Tolerances follow the ADR-0214 cross-backend gate: places=4 (1e-4) for unfiltered reductions, places=3 (1e-3) for filtered features (VIF) where the separable Gaussian's accumulator order changes the last few bits. Each parity test skips cleanly with a [skip: no <backend> device] notice when the runtime is unavailable, matching the existing test_*_motion3_parity.c skip pattern.

Alternatives considered¶

Option	Pros	Cons	Why not chosen
Full coverage in a single PR (~30 tests across the 45+ extractor gap)	Closes the audit in one shot.	30+ test files in one PR is past the 200–800-LOC sweet spot called out in the PR-hygiene rule; reviewer cost balloons.	Land highest-leverage 6+1 here, leave a follow-up backlog item for the remaining ~38.
Synthetic fixtures only (current approach)	Deterministic, no file I/O, runs in <1s per backend.	Doesn't exercise the realistic-content code paths that natural video stresses.	Accepted — same trade-off the existing `test_*_motion3_parity.c` makes.

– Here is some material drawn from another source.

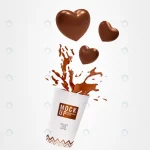 - cup chocolate drinking heart splash mockup crcdd59b8d2 size29.27mb - Home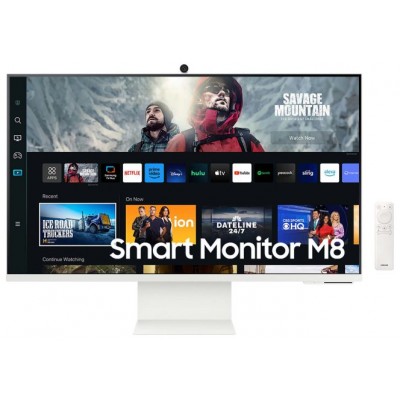 Samsung Smart Monitor M8 S32CM801UU pantalla para PC 81,3 cm (32") 3840 x 2160 Pixeles 4K Ultra HD LED Blanco (Espera 4 dias)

The CHUG / netflix-benchmark sweep covers natural content end-to-end.
Bit-exactness (1e-9) tolerance per ADR-0138/0139	Strongest gate.	GPUs are NOT bit-exact vs CPU per the user-memory rule `feedback_golden_gate_cpu_only.md`; would force false-positive failures.	Use the documented near-exact 1e-4 / 1e-3 places-budget instead.
One big merged parity test with subtests per kernel	Fewer executables.	Couples backend availability — a failed CUDA driver init would mask a SYCL regression. Existing tests are one-extractor-per-binary; keep the pattern.	Stay one-binary-per-kernel.

Consequences¶

Positive: 6 GPU kernels gain a cross-backend gate that fires on every PR. Future regressions in the reduction / filter accumulator on any of CUDA / HIP / SYCL are caught at CI time rather than at CHUG re-extract time.
Positive: Metal's 8-extractor registration is now fully audited (was 2/8 spot-checked); a future T8-1d refactor that drops a .mm translation unit will surface immediately.
Negative: 7 new test binaries inflate the GPU CI lane by roughly 7 × (driver-init time + 1 frame). On a 4090 / Arc / MI300 lane this adds well under 5 s total.
Follow-up: ~38 GPU extractors remain uncovered (full list in docs/research/gpu-backend-kernel-coverage-audit-2026-05-30.md). Track via a .workingdir2/BACKLOG.md row tagged gpu-coverage-tier-2. Not gating on this PR.

References¶

ADR-0214 — cross-backend tolerance budget (places=4 unfiltered, places=3 filtered).
ADR-0361 — Metal backend rollout (T8-1c/d).
ADR-0420 — Metal kernel-template runtime.
ADR-0421 — Metal extractor MSL shaders.
ADR-0108 — six fork-local deliverables rule.
feedback_golden_gate_cpu_only (user memory) — GPU paths are not bit-exact with CPU; near-exact tolerance is the correct gate.
Source: req — request to push test coverage on GPU backend kernels covering CUDA + HIP + SYCL + Metal feature extractors, with the avoid-list (PRs #289, #290, #293, #294, #308, #315) and the instruction to wire into core/test/meson.build under the appropriate suite tags.